Kindness is an instant relationship builder. We remember when someone waived a fee or brought us flowers for no reason. The energy is recorded in our hearts, and every time the scene plays back we are lifted to higher ground. Edna, a feisty older woman showed up at the doors of the gym as my husband and I were leaving. She asked us for directions to the local hospital. Since the hospital was near my home I offered to ride along in her car and lead her there. (My husband led the way in our own car.) She was delighted with this gesture and immediately accepted. In just a short time, Edna told me about her dying uncle who was given only days to live. He had asked her to stop by and see him. By the time we arrived at the hospital, Edna was crying and laughing at the fate of our meeting. She translated the act of kindness as a spiritual gift for which she was so grateful. I was happy to serve by offering presence, guidance and comfort. It was a memorable win-win for us both.

Does size matter?

Giving and receiving kindness imbues energies of compassion, affection, warmth and love. Whether we let someone go in front of us at the grocery store, walk someone’s dog or rescue a drowning person - the energy has the same impact. Kindness moves us to a lighter and deeper soul place regardless of its shape or size.
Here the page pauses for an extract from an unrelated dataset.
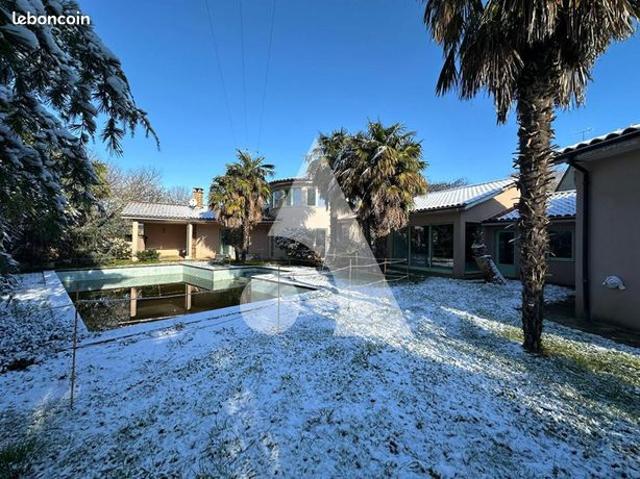 Maison 6 pièces 185 m²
Two recent experiences of kindness illustrate my point.

In yoga the teacher played a song by Beyonce called “I Was Here.” I was immediately moved to tears, and later downloaded the recording to encourage me to expand my own kindness. As Google link took me to the song's video, and again I was blown away by its strong message.

"I Was Here" is a reflective R&B ballad in which Beyoncé vulnerably reviews her past, wanting to leave an impact on the world before her life comes to an end. …its development was motivated by the September 11 attacks in the United States.

A music video…features Beyoncé performing the song live at the United Nations General Assembly with images of volunteers doing humanitarian work are projected on the screen behind her. The video was donated to World Humanitarian Day. It aims to create social media history with one billion people sharing the message of doing something good for another person. - Wikipedia

Practicing kindness

Brendan, a coaching client, remarked that his good friend had met his soulmate after years of fruitless searches. While at dinner with his friend, Brendan’s friend shared his happiness and glowed with joy. Although Brendan was thrilled for his friend, he also felt sad for himself and wondered if he too could find "The One.” Memories of Brendan's happy marriage bubbled to the surface, along with the trauma of his marriage ending. I suggested to Brendan that he not separate from his friend, and try using kindness in four steps:

  1. To mentally remind himself how genuinely happy he was for his friend.

  2. To close his eyes and thank his friend for sharing joyful energy.

  3. To harness the joy he witnessed, and shift his heart to welcome the possibility of true love for himself.

  4. To recite this mantra: “I am a loving and generous person and imagine for myself a loving and generous partner.”

Kindness revives the whole person

Random Acts of Kindness reports kindness' holistic benefits. It stimulates the brain’s production of oxytocin and serotonin chemicals. Oxytocin lowers our heart rate. It builds our self-esteem while serotonin keeps us calm, negative-free and heals wounds. Think about it, when your body feels good it’s invested in attracting more of this energy and less drawn to pain.

Our minds take a break from constant stress when we live from a place of kindness. Stephen Post, author and professor at Case Western Reserve University School of Medicine, relates that "When we give of ourselves, everything from life satisfaction to self-realization and physical health is significantly improved. Mortality is delayed, depression is reduced and well-being and good fortune are increased.”

Spiritually, kindness brings us closer to our Divine self. It keeps the inner self pumped with peace, love and joy. When we are kind - more kindness shows up for us and the world. “Paying it forward” rises up and strengthens our ability to make a difference in the lives of others. Kindness empowers and brings light into a world full of shadows.